Fleetwood Mac: The Saga Continues. Meet… Buckingham McVie | Uncut Magazine

Uncut Magazine
Stephen Deusner
May 2017

Go Your Own Way

Fleetwood Mac should be preparing for their farewell tour but, true to form, their epic saga has taken on another complicated turn. Introducing, then, the dynamic duo of Buckingham McVie  – “a nice splinter off the main artery of Fleetwood Mac.” In this exclusive interview, Lindsey Buckingham and Christine McVie reveal all to Stephen Deusner about their unexpected side project, and about how it fits into the storied past, present and future of Fleetwood Mac. “It’s that umbilical cord that can’t be broken,” says Christine. “It just pulls you back.”

“THERE WAS SOMETHING COSMIC about it.” says Lindsey Buckingham. He’s sitting at the head of a long table in the brightly lit conference room of an anonymous office building in the Westwood neighbourhood of L.A, talking about Buckingham McVie, the new album he wrote and recorded with his Fleetwood Mac bandmate Christine McVie. Even as they are preparing for a Fleetwood Mac farewell tour in 2018, these two members have emerged as intimate collaborators proving there’s still a lot of life left in the band. “She and I kept saying to each other, ‘Why did it take us so long to think that it would be cool to do a duets album?’ I guess it was logistics – just getting to the point where the stars all aligned.” It’s a record with a lot of history behind it: more than 40 years of hook-ups and break-ups, marriages and divorces, drug abuse and recovery, departures and returns, hits and misses.
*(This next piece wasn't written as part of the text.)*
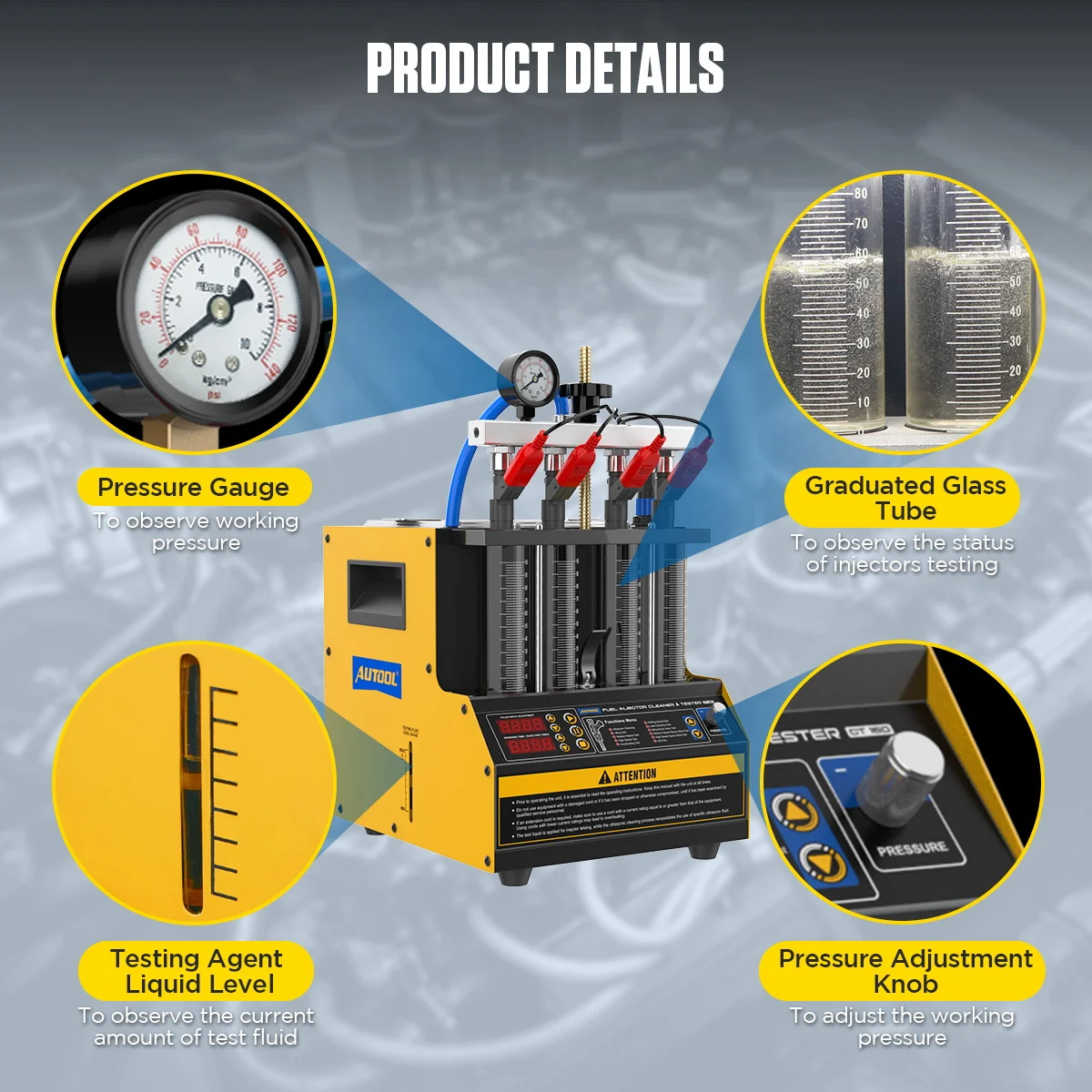 AUTOOL CT160 Car Injector Heated Cleaning Machine Injectors Machine Automotive Injector Nozzle Cleaning Tester Machine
It’s a story that begins with pub gigs in the late 1960s and a fateful Tex-Mex dinner meeting in the early 1975 and ends with a final arena tour in the late 2010s, spanning nearly every continent (even Antarctica, if you count the band’s penguin mascot) and almost every style of rock, including Buckingham’s early acid-rock and McVie’s beloved blues. And yet, these two musicians, both so embroiled in their own dramas, never really had any drama between them.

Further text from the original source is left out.